As material culture students, however, the group were keen to prevent me from speculation about what objects might represent. They sought evidence to demonstrate a link between an object and a concept. It is not sufficient to identify an object as domestic and therefore locate it in a home and link it to a feeling rooted in domesticity. These students are training to think from the object outwards, something that historians like me have to be reminded to do. We have to ask a range of questions of the objects. Does the archaeological record show that this kind of object was present in homes? Was it mass produced? How did it get to the home? Where was it made, sold, advertised, bought? What did owners say about such objects? It is possible to contextualise an object in contemporary attitudes about the home and idealisations or criticisms of it, but all the time the materiality of the object, whether table, hearth, textile, or bed, needs to be kept in view.

I think the seminar ended with some important conclusions that the materiality of domesticity was rooted in the appearance, creation and use of domestic objects.  People bought some objects to decorate and use in their homes because they were novel or fashionable and helped show to others that their home fulfilled idealised notions of domesticity. Other objects, particularly textiles, literally embodied domesticity because they were made by family members, or used by them, smelled like or felt like them.  Here a history of the senses as well as the emotions could be used to advantage. We decided that there are two aspects to domesticity, therefore. One is the ‘collective’ and the other nostalgia.

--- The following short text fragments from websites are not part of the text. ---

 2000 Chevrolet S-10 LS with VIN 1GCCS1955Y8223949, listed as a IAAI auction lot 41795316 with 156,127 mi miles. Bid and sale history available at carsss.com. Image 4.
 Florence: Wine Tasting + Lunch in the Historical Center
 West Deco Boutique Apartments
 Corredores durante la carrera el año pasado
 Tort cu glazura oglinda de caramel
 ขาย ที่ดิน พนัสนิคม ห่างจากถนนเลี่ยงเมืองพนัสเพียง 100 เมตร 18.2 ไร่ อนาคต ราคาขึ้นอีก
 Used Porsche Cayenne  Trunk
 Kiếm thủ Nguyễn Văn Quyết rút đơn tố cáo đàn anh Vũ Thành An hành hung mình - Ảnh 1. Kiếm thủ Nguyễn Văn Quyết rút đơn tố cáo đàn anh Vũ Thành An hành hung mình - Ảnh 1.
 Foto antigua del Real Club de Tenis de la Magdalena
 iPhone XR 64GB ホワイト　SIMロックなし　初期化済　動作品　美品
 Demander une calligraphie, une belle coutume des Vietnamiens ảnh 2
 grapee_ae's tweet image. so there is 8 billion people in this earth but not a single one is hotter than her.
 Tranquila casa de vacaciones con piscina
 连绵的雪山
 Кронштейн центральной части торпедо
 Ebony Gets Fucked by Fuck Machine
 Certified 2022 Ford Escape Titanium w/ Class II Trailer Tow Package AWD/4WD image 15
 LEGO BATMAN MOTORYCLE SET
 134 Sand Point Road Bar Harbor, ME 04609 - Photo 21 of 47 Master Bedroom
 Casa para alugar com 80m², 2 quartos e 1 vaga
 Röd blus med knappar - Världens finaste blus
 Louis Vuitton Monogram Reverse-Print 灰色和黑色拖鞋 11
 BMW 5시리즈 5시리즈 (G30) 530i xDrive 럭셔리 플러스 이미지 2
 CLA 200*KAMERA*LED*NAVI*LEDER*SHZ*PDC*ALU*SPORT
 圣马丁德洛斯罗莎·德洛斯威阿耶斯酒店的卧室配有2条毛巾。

People shared ideas about what a home was and what it represented to its members and society (a cultural collective) and consciously used objects to materially demonstrate this.  Domesticity was also individualised, however, and frequently bound up with memory – especially that form of memory which we define as nostalgia. Objects associated with domesticity could be imbued with positive emotions and kept (those with negative emotions might be discarded), ready to stir those feelings when required.

I want to end this post by returning to men and domesticity, for I am often struck by the way in which 19th and 20th century autobiographers remembered their fathers in a domestic setting and through a domestic object. Late in life Elizabeth Bryson remembered her father returned from work:

I ran to meet him when he came home, clung round his knees and swung on his hands and climbed up until he hoisted me on to his shoulder to enter the house in triumph. I was a great giant who had to stoop to get through the doors.

As Julie Marie Strange observes: ‘the emphasis on men’s provision as the key indicator of their contribution to family life has left fathers knocking at the door of home rather than embedding them in the dynamics within’.[3] The same thing can be said for men in general, and historians of material culture need to open that door and let them in.

[1] John Tosh, A Man’s Place: Masculinity and the Middle-class Home in Victorian England, Julie Marie Strange, (2013). Fatherhood, furniture and the interpersonal dynamics of working-class homes, c. 1870–1914. Urban History, 40, pp 271-286.

[2] Amanda Vickery, Behind Closed Doors: At Home in Georgian England, Karen Harvey, The Little Republic: Men and Domestic Authority in Eighteenth Century Britain.

[3] Strange, Fatherhood and Furniture, pp. 274, 275-6.